Le zouglou n’est pas seulement un outil de protestation; il incarne également une force unificatrice et culturelle. L’auteur montre comment ce genre, qui intègre diverses langues et dialectes, reflète la diversité ivoirienne et promeut l’unité nationale. Des chansons cultes, telles que Même si elle est comme ça de Petit Denis ou Religion de Fitini, abordent des sujets universels comme l’amour, la spiritualité et l’héritage colonial, contribuant à élargir son audience. Ce mélange d’universalité et de localité explique pourquoi le zouglou a su toucher un public au-delà des frontières ivoiriennes.
Dans un univers dominé par les hommes, les femmes ont su s’affirmer pour trouver leur place, comme en témoigne la création des Zouglounettes, le premier groupe féminin du genre. Axel Illary explore les obstacles qu’elles ont affrontés, notamment les défis financiers et sociaux, tout en soulignant leurs contributions souvent méconnues. L’ouvrage met en avant la nécessité de promouvoir une meilleure inclusion des femmes dans l’industrie musicale, où l’égalité reste un objectif à atteindre.
Grâce à des artistes comme Magic System, dont le titre Premier Gaou a rencontré un succès mondial, le zouglou s’ est exporté. L’auteur analyse les efforts des artistes ivoiriens pour promouvoir cette musique à l’international et souligne les défis, tels que la compréhension limitée des messages sociaux dans certains contextes étrangers. Des témoignages insistent cependant sur le potentiel du zouglou à séduire une audience internationale plus large, en combinant spectacle et authenticité culturelle.
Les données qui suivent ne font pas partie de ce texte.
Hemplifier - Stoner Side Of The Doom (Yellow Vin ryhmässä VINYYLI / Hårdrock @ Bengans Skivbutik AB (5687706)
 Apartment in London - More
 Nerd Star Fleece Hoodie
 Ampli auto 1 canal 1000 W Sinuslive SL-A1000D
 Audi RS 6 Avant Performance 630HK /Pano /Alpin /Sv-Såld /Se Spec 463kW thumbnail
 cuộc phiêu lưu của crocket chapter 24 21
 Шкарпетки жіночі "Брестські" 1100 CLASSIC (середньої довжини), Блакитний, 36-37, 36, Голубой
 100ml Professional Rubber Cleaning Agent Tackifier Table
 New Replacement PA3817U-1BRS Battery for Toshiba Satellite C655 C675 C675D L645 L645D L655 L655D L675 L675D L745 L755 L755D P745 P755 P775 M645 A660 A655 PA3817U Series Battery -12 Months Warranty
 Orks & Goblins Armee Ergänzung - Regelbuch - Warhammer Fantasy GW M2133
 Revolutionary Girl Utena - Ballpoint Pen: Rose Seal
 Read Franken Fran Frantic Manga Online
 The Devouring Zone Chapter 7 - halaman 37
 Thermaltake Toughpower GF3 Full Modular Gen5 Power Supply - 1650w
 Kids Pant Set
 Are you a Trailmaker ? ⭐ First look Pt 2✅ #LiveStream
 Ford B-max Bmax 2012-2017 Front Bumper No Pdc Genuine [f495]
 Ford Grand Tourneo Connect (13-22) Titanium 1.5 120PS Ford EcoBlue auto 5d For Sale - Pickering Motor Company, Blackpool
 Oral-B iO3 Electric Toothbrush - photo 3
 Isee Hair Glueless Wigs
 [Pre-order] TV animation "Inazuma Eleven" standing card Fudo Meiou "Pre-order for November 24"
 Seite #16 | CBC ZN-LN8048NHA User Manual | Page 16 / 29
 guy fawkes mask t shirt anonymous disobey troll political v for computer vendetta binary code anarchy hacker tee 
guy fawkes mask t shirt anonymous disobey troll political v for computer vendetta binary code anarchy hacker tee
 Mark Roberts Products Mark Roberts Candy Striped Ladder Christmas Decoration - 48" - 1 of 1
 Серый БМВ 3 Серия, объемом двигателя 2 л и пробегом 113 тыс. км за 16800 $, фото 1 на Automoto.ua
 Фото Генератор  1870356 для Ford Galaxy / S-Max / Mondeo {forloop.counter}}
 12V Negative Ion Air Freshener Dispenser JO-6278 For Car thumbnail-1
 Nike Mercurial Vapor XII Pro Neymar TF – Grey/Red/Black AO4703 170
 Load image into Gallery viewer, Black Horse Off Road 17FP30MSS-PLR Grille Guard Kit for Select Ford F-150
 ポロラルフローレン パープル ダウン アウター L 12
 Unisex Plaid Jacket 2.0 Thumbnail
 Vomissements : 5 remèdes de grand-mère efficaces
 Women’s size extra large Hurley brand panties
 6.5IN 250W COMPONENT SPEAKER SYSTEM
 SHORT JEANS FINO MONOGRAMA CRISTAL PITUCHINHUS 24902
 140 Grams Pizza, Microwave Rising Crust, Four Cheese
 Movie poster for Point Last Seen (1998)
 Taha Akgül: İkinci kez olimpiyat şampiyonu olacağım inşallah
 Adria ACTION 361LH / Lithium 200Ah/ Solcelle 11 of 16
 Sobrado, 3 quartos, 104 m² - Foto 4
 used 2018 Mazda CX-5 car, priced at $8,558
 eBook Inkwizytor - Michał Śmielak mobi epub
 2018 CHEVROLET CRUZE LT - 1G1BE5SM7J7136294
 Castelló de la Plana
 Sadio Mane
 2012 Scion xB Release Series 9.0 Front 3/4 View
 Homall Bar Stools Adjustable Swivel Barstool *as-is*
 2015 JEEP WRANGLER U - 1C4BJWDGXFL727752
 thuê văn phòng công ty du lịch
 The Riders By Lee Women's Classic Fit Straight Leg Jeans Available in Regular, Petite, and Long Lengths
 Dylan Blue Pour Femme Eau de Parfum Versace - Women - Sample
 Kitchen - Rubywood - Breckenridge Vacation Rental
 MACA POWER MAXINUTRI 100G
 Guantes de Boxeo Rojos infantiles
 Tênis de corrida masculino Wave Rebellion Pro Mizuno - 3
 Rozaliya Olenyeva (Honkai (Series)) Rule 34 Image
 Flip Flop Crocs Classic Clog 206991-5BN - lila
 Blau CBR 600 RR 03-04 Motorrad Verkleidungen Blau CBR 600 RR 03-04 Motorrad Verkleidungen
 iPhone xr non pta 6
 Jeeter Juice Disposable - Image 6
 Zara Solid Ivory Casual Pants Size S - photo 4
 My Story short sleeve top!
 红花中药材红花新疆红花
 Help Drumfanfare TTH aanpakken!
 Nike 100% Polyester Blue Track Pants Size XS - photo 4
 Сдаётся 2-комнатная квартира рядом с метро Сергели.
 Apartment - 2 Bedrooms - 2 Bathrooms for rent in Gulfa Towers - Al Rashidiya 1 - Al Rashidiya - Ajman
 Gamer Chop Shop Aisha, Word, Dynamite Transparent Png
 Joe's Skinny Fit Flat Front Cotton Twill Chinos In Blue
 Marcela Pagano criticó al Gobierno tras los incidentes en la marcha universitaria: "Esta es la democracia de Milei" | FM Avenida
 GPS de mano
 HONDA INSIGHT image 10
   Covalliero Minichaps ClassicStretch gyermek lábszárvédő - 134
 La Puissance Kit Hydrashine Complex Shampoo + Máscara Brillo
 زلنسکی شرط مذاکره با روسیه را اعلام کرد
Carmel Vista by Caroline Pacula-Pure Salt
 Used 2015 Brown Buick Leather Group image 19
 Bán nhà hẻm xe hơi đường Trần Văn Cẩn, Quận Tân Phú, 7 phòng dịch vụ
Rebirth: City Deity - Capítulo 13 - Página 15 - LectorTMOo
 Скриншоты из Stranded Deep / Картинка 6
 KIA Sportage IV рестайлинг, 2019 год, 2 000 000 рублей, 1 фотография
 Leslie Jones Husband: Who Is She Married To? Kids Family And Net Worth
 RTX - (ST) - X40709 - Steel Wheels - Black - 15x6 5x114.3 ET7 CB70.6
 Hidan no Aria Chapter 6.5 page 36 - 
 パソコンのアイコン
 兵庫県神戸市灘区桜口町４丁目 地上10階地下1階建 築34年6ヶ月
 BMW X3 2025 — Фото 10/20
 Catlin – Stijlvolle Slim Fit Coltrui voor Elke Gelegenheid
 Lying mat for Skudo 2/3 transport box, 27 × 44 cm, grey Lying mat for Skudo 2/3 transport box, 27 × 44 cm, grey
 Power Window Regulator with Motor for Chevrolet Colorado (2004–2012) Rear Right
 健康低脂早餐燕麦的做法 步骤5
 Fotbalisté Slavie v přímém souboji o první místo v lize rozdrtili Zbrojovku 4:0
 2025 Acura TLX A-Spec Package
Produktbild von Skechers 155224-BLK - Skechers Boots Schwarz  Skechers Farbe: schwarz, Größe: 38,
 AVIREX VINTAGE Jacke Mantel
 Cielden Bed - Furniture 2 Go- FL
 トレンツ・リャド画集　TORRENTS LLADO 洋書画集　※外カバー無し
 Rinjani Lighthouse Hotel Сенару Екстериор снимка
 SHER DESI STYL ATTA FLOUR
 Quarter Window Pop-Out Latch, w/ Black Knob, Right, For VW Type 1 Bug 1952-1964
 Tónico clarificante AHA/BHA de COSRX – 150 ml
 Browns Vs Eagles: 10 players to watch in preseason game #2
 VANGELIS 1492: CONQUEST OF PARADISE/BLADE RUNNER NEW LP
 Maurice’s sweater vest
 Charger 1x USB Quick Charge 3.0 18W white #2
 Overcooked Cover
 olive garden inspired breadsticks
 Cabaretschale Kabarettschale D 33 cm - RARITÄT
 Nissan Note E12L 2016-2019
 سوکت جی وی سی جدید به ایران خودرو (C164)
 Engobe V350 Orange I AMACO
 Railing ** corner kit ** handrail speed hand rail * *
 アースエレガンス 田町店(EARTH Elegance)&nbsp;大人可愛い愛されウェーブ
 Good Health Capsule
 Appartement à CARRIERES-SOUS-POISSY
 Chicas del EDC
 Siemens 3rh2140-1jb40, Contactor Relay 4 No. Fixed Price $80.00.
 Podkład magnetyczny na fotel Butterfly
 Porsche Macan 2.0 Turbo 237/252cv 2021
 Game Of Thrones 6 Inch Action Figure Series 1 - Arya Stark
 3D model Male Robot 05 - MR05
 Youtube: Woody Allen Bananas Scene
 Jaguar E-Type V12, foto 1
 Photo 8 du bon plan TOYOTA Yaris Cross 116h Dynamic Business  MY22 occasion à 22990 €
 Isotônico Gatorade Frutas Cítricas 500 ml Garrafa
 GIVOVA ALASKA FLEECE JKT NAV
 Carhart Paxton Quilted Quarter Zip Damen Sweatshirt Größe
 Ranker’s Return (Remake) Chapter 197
Le documentaire Zouglou Feeling, qui a inspiré cet essai, démontre la puissance de cette musique comme moteur de cohésion sociale. Axel Illary expose la contribution du zouglou dans la création d’une identité collective ivoirienne, dépassant les divisions ethniques et sociales. À travers son évolution et son influence sur d’autres genres comme le couper-décaler, le zouglou reste un symbole de résilience et d’innovation culturelle.
À travers son ouvrage Zouglou, Rythmes et Résistance, Axel Illary saisit l’essence d’un genre musical devenu un puissant vecteur de résistance sociale et culturelle. En retraçant l’histoire et l’impact du zouglou, l’auteur nous invite à réfléchir sur le rôle essentiel de la musique comme outil de cohésion, d’expression et de contestation.